We compile a global map of the sediments, ice and bathymetry stripped topographically corrected gravity anomalies using the spherical harmonic representation of the gravity field. The complete topographic effect to the gravity anomaly comprises the direct topographic effect and the secondary indirect topographic effect. Gravitational effects of the density contrasts of three considered global structural crustal elements - oceans, sediments, and ice - are removed (stripped) from the topographically corrected gravity anomaly. The complete effects of these density contrasts also consist of the direct and the secondary indirect effects. In this study, we model globally the complete effects of the topography and of density contrasts (relative to average crustal density) of major anomalous geological structures inside the Earth's crust due to ocean, ice, and (marine and continental) sediments. The gravity anomalies are computed from the coefficients of a global geopotential model (GGM) with a spectral resolution complete to degree 180. The same spectral resolution is used to compute the complete effects to the gravity anomaly due to the topography and bathymetry.
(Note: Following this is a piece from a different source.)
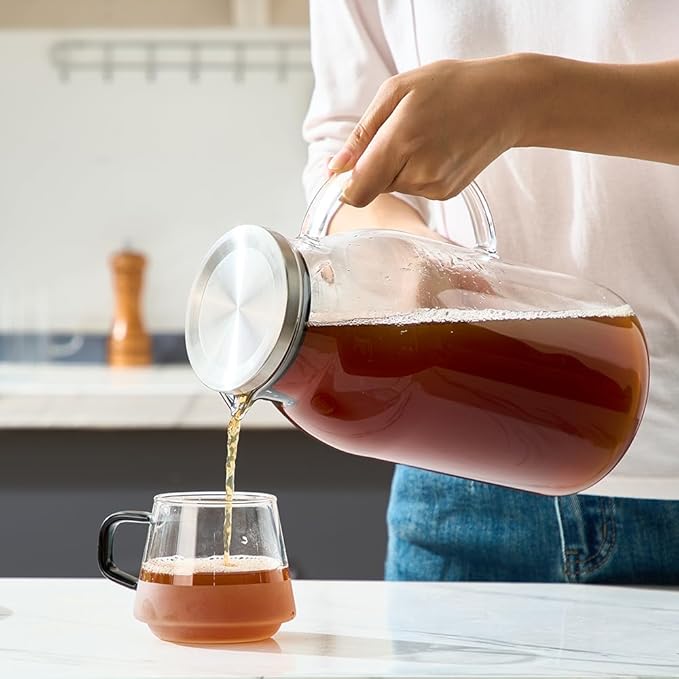 Karafu 100 Ounces/3 Liter Glass Pitcher with Lid, Wide Mouth Heat Resistant Water Jug for Hot/Cold Water, Ice tea and Juice Beverage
The coefficients of a global elevation model (GEM) are used to compute the complete topographical effect, adopting the average crustal density 2670 kg/m3. The coefficients of a global bathymetric (ocean-depth) model (GBM) are used to compute the complete bathymetric (ocean density contrast) effect, adopting the mean ocean saltwater density 1030 kg/m3. The coefficients of a global ice thickness model (GITM) generated from the 2 × 2 arc-deg geographical grid of ice thickness data are used to compute the complete ice density contrast effect with a spectral resolution complete to degree 90, adopting the mean ice density 913 kg/m3. Finally, the global data of sediment thickness and density with the 2 × 2 arc-deg geographical resolution are used to compute the complete sediment mass density contrast effect.